Muzâfun ileyh olan  جَٓاؤُ۫كُمْ مِنْ فَوْقِكُمْ وَمِنْ اَسْفَلَ مِنْكُمْ  cümlesi, müspet mazi fiil sıygasında lâzım-ı faide-i haber ibtidaî kelamdır.

Mazi fiil sebata, temekküne ve istikrara işaret eder. (Hâlidî, Vakafât, s. 107)  

Aynı üslupta gelen  وَاِذْ زَاغَتِ الْاَبْصَارُ  cümlesi hükümde ortaklık nedeniyle اِذْ جَٓاؤُ۫كُمْ مِنْ فَوْقِكُمْ  cümlesine atfedilmiştir. Müspet mazi fiil sıygasında lâzım-ı faide-i haber ibtidaî kelamdır.

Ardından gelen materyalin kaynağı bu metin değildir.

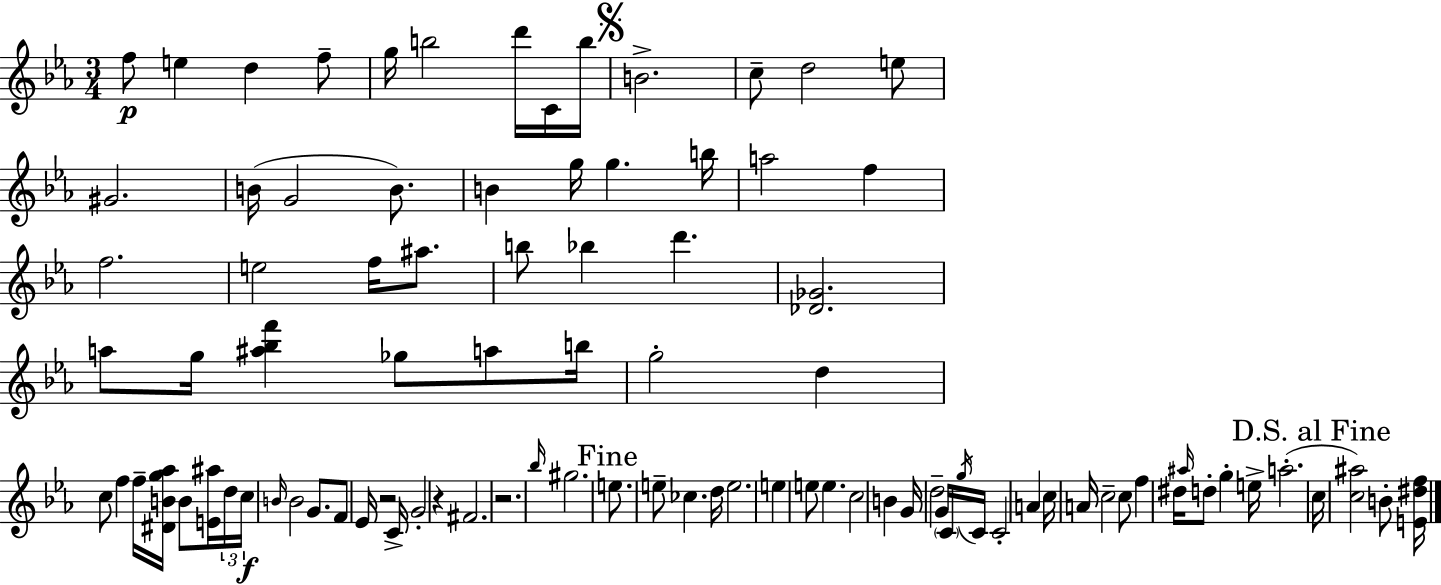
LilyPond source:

{
  \clef treble
  \numericTimeSignature
  \time 3/4
  \key c \minor
  f''8\p e''4 d''4 f''8-- | g''16 b''2 d'''16 c'16 b''16 | \mark \markup { \musicglyph "scripts.segno" } b'2.-> | c''8-- d''2 e''8 | \break gis'2. | b'16( g'2 b'8.) | b'4 g''16 g''4. b''16 | a''2 f''4 | \break f''2. | e''2 f''16 ais''8. | b''8 bes''4 d'''4. | <des' ges'>2. | \break a''8 g''16 <ais'' bes'' f'''>4 ges''8 a''8 b''16 | g''2-. d''4 | c''8 f''4 f''16-- <dis' b' g'' aes''>16 b'8 <e' ais''>16 \tuplet 3/2 { d''16 | c''16\f \grace { b'16 } } b'2 g'8. | \break f'8 ees'16 r2 | c'16-> g'2-. r4 | fis'2. | r2. | \break \grace { bes''16 } gis''2. | \mark "Fine" e''8. e''8-- ces''4. | d''16 e''2. | e''4 e''8 e''4. | \break c''2 b'4 | g'16 d''2-- g'16 | \parenthesize c'16 \acciaccatura { g''16 } c'16 c'2-. a'4 | c''16 a'16 c''2-- | \break c''8 f''4 dis''16 \grace { ais''16 } d''8-. g''4-. | e''16-> a''2.-.( | \mark "D.S. al Fine" c''16 <c'' ais''>2) | b'8-. <e' dis'' f''>16 \bar "|."
} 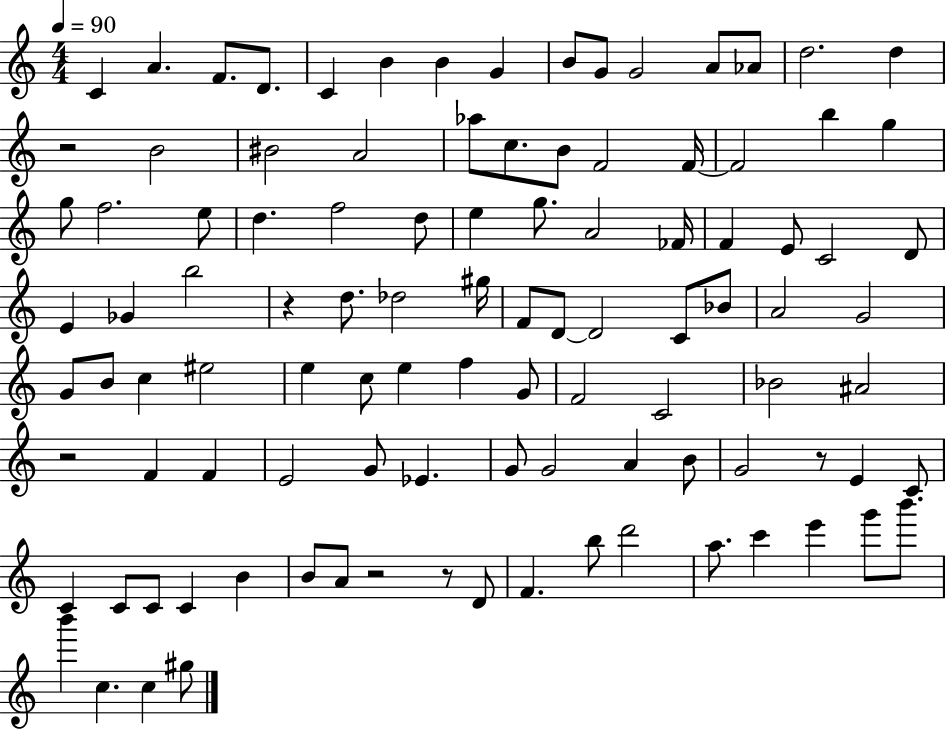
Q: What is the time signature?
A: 4/4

Zaman ismi olan  اِذْ ’in mastara değil de fiil cümlesine muzaf olmasıyla bu vaktin tazimi anlaşılır. Fiil teceddüde ve şimdiki zamana delalet eder. (Âşûr, Hac Suresi 26)

وَاِذْ زَاغَتِ الْاَبْصَارُ  cümlesi bedel cümlesine atfedilmiştir ve tafsil (teferruat) cümlesindendir.  الأبْصارُ , القُلُوبُ , الحَناجِرَ  kelimelerinin marifeliği ise ahd içindir. Müslümanların gözleri, kalpleri ve boğazları demektir. Veya bu lam muzafun ileyhlerden ivaz olarak gelmiştir. Bu durumda mana: “Gözleriniz yerlerinden kaydı ve yürekleriniz ağzınıza dayandı” olur. (Âşûr)

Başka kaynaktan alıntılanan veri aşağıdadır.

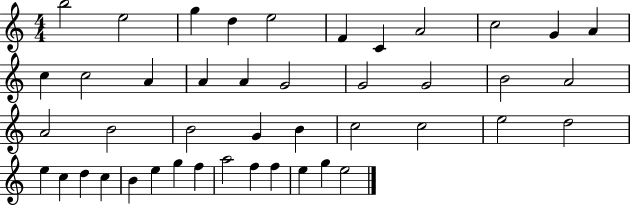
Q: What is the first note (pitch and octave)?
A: B5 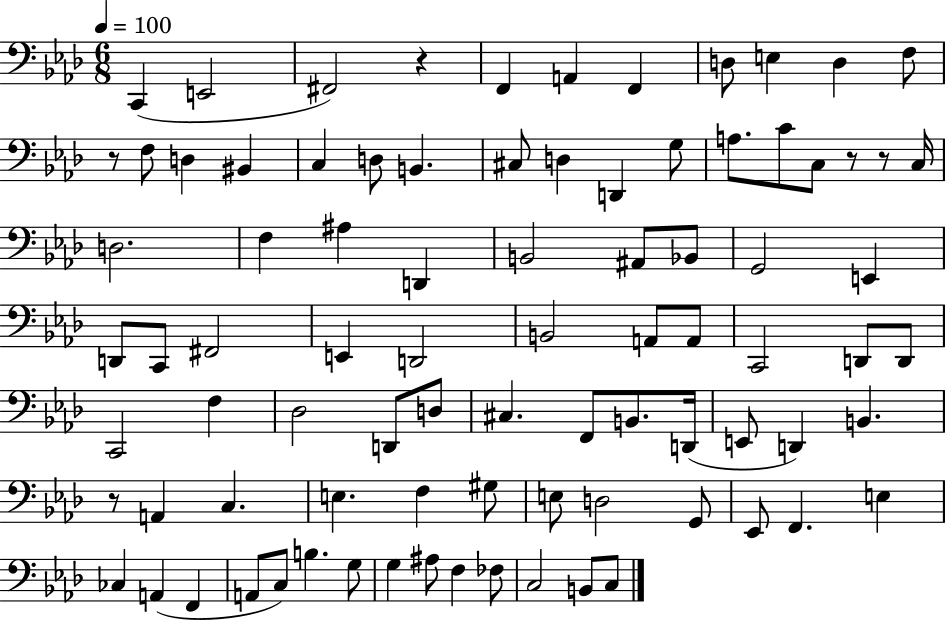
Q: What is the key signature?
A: AES major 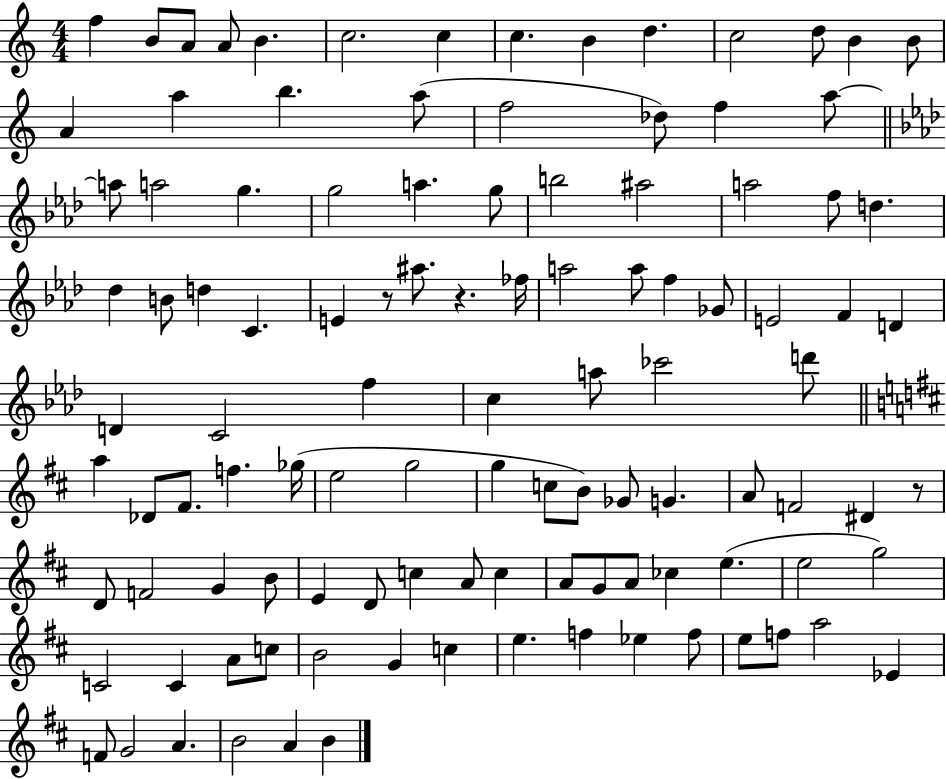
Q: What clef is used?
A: treble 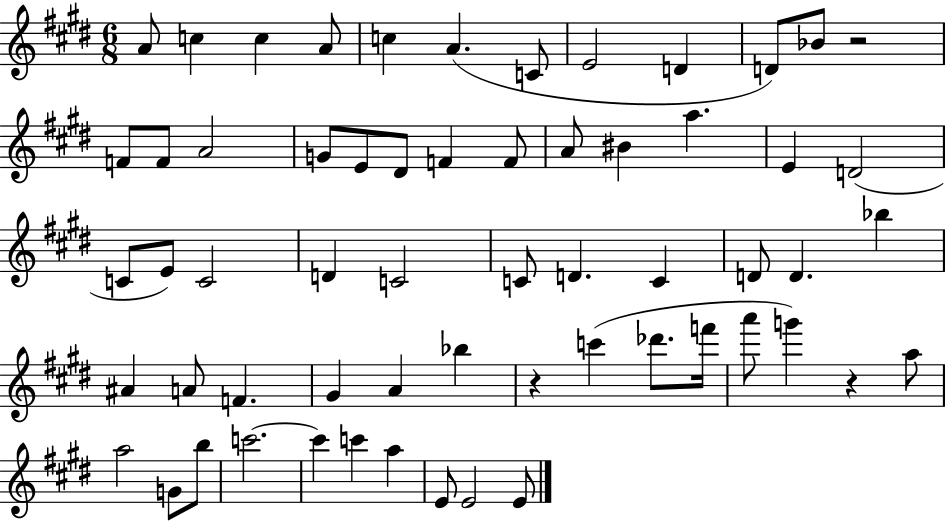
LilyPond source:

{
  \clef treble
  \numericTimeSignature
  \time 6/8
  \key e \major
  a'8 c''4 c''4 a'8 | c''4 a'4.( c'8 | e'2 d'4 | d'8) bes'8 r2 | \break f'8 f'8 a'2 | g'8 e'8 dis'8 f'4 f'8 | a'8 bis'4 a''4. | e'4 d'2( | \break c'8 e'8) c'2 | d'4 c'2 | c'8 d'4. c'4 | d'8 d'4. bes''4 | \break ais'4 a'8 f'4. | gis'4 a'4 bes''4 | r4 c'''4( des'''8. f'''16 | a'''8 g'''4) r4 a''8 | \break a''2 g'8 b''8 | c'''2.~~ | c'''4 c'''4 a''4 | e'8 e'2 e'8 | \break \bar "|."
}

Aynı üslupta gelen  وَبَلَغَتِ الْقُلُوبُ الْحَنَاجِرَ  cümlesi hükümde ortaklık nedeniyle  زَاغَتِ الْاَبْصَارُ  cümlesine atfedilmiştir.

وَتَظُنُّونَ بِاللّٰهِ الظُّنُونَا  cümlesi atıf harfi  وَ ’la  زَاغَتِ الْاَبْصَارُ  cümlesine atfedilmiştir. Müspet muzari fiil sıygasında lâzım-ı faide-i haber ibtidaî kelamdır.

تَظُنُّونَ  şeklinde gelmiş muzari siygada, nimetleri hatırlatarak kınama manasıyla birlikte zanlarına karşı şaşkınlık manası vardır. (Âşûr)

Burada fiilin muzari olarak getirilmesi işaret edilen zanların, sebeplerinin yenilenmesiyle kendilerinin de yenilendiğine işaret eder. Bu durum üzerlerindeki bu belanın müddetinin uzunluğundan kinayedir. (Âşûr)

Mef’ûl olan  الظُّنُونَا  kelimesinin sonundaki elif Ahzab 66. ve 67. ayetteki  ٱلرَّسُولَا۠  ve  ٱلسَّبِیلَا۠’da olduğu gibi fasıla için gelmiş zaid harftir.

الظُّنُونَا  ve benzerlerindeki elif ayet sonlarını kafiyeye benzetmekten dolayı getirilmiştir. Nâfi', İbn Mir ve Ebu Bekir de buralarda vaslı vakıf yerine koymuşlardır (her ikisini de elifle okumuşlardır). Ebu Amr, Hamze ve Yakub ise hiçbir yerde elif ilave etmemişlerdir ki, kıyasa uygun olan da budur. (Beyzâvî)

الظُّنُونا  kelimesi adet bildiren mef’ûlü mutlaktır ve  ظَنٍّ  kelimesinin cemisidir. Elif lam ile marife olması cins içindir. Cemi gelmesi ise bulunabilecek zanların çeşitliliğine delalet etmesi içindir. (Âşûr)

Ayette mütekellim Allah Teâlâ olduğu halde  اللّٰهِ  isminin zikredilmesi  tecrîd sanatıdır.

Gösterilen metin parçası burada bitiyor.